Data Quality and Provenance
TL;DR: Every system is tagged with one of four provenance tiers - from official government downloads (Tier 1) to expert-curated domain vocabularies (Tier 4). SHA-256 hashes, source URLs, and dates are stored for audit. This guide explains the framework and how to verify data.
Four-tier provenance framework
graph TD
subgraph Tier1["Tier 1: Official Download"]
T1["Source file from standards body\nSHA-256 hash stored\nExamples: NAICS, ISIC, LOINC, HS"]
end
subgraph Tier2["Tier 2: Structural Derivation"]
T2["Derived from official system\n1:1 structural mapping verified\nExamples: WZ, NAF, ATECO (NACE variants)"]
end
subgraph Tier3["Tier 3: Manual Transcription"]
T3["Transcribed from official publications\nSource URL and date recorded\nExamples: SIC 1987, some Asian/African systems"]
end
subgraph Tier4["Tier 4: Expert Curated"]
T4["Domain expert knowledge\nPeer-reviewed structure\nExamples: All domain_* taxonomies"]
end
T1 --> T2
T2 --> T3
T3 --> T4
| Tier | Label | Description | Verification |
|---|---|---|---|
| 1 | official_download |
Data downloaded directly from the authoritative source | File hash stored for audit |
| 2 | structural_derivation |
Derived from an official system (e.g., NACE national variants) | 1:1 structural mapping verified |
| 3 | manual_transcription |
Transcribed from official publications (PDF, HTML, print) | Cross-checked against source |
| 4 | expert_curated |
Curated by domain experts based on industry knowledge | Peer-reviewed structure |
Tier 1: Official download
The gold standard. Data files (CSV, Excel, XML) are downloaded directly from the standards body's website. A SHA-256 hash of the source file is stored in the source_file_hash column for reproducibility.
Examples: NAICS 2022 (Census Bureau CSV), HS 2022 (WCO), ISIC Rev 4 (UN CSV), LOINC (Regenstrief download), ICD-10-CM (CMS), NCI Thesaurus (NCI)
Tier 2: Structural derivation
Systems that reuse the structure of an official system with localized naming. For example, all EU NACE Rev 2 national variants (WZ 2008, NAF Rev 2, ATECO 2007, etc.) share the identical code structure.
Examples: WZ 2008 (Germany), ONACE 2008 (Austria), NOGA 2008 (Switzerland), all EU NACE national variants, all ISIC Rev 4 national adaptations
Tier 3: Manual transcription
Data transcribed from official documents that do not provide machine-readable downloads. The original source URL and date are recorded for audit.

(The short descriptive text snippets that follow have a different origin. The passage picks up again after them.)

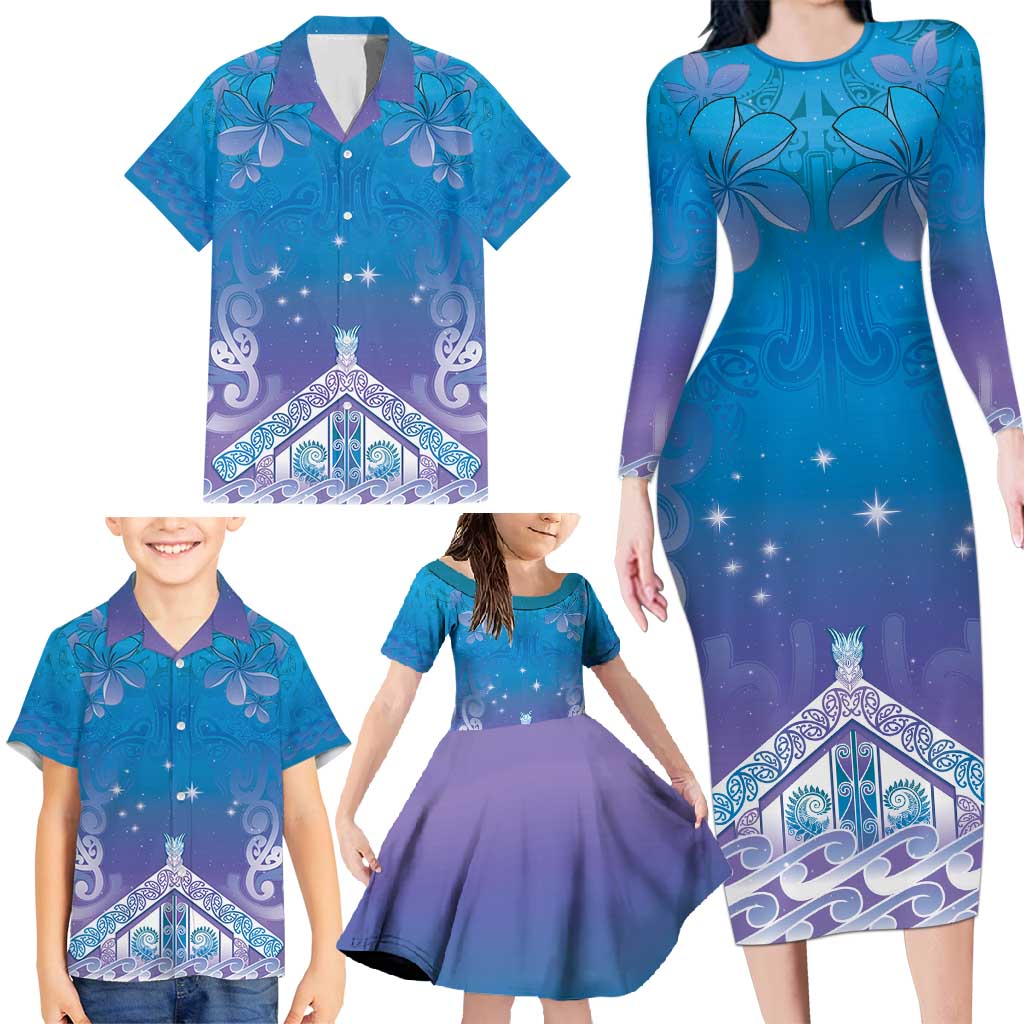 New Zealand Matariki Family Matching Long Sleeve Bodycon Dress and Hawaiian Shirt Maori Marae Cyan Galaxy LT05 - Polynesian Pride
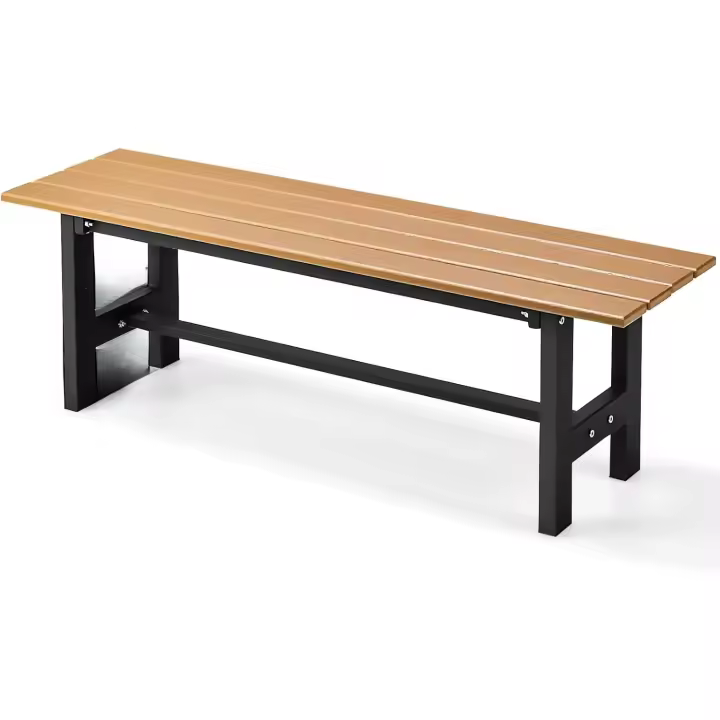 Banco Exterior de 2 Plazas, Banco Jardin Exterior Estructura Metal Revestido de Plástico, 120 x 36 x 40,5 cm, Carga 300kg, Terraza Jardin Interior Exterior (Marrón) - 1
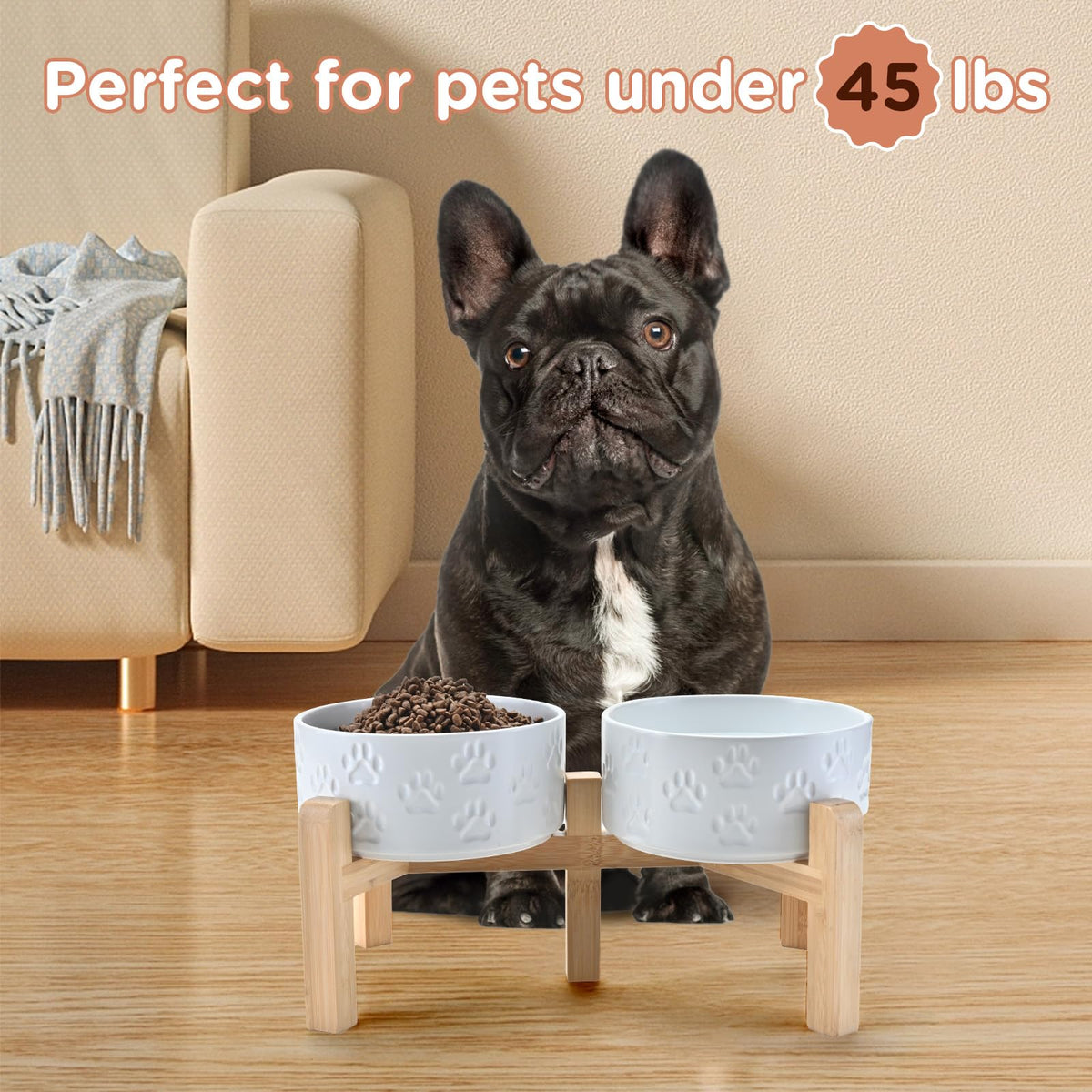 Elevated Dog Bowls Ceramic (6.1 in - 3.6 cups / Paw White)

Examples: SIC 1987 (transcribed from OSHA HTML), some Asian and African national classifications
Tier 4: Expert curated
Domain-specific vocabularies created by subject matter experts. These fill gaps where no official standard exists.
Examples: All domain_* taxonomies (truck freight, agriculture, mining, construction, cybersecurity, AI, etc.)
Provenance metadata fields
Each classification system carries these audit fields:
| Field | Description | Example |
|---|---|---|
data_provenance |
Provenance tier | official_download |
source_url |
URL of the authoritative data source | https://www.census.gov/naics/ |
source_date |
Date the source data was accessed/published | 2024-01-15 |
license |
License terms for the data | Public Domain |
source_file_hash |
SHA-256 hash of the original file (Tier 1 only) | a3f2b7c... |
Querying provenance via API
Get provenance for a system
curl https://worldoftaxonomy.com/api/v1/systems/naics_2022
Response includes data_provenance, source_url, source_date, license, and source_file_hash.
Audit report
# Full provenance audit across all systems
curl https://worldoftaxonomy.com/api/v1/audit
The audit report shows:
- Breakdown by provenance tier (system count, node count per tier)
- Tier 1 systems missing a file hash
- Tier 2 structural derivation count and node coverage
- Skeleton systems (placeholder entries awaiting full data)
MCP audit tool
# Via MCP
tools/call get_audit_report {}
Returns the same audit data in a format suitable for AI agent consumption.
Data verification practices
Hash verification (Tier 1)
For official download systems, the source_file_hash lets you verify data integrity:
- Download the original file from
source_url - Compute its SHA-256 hash
- Compare against the stored
source_file_hash - If they match, the data in WorldOfTaxonomy matches the original file
sequenceDiagram
participant You
participant WOT as WorldOfTaxonomy API
participant Source as Standards Body
You->>WOT: GET /systems/naics_2022
WOT-->>You: source_url, source_file_hash
You->>Source: Download original CSV
Source-->>You: naics_2022.csv
You->>You: sha256sum naics_2022.csv
Note over You: Compare hash with source_file_hash
Structural verification (Tier 2)
For structural derivation systems, you can verify:
- The code structure matches the parent system exactly
- Crosswalk edges are 1:1 (every code in the derived system maps to exactly one code in the parent)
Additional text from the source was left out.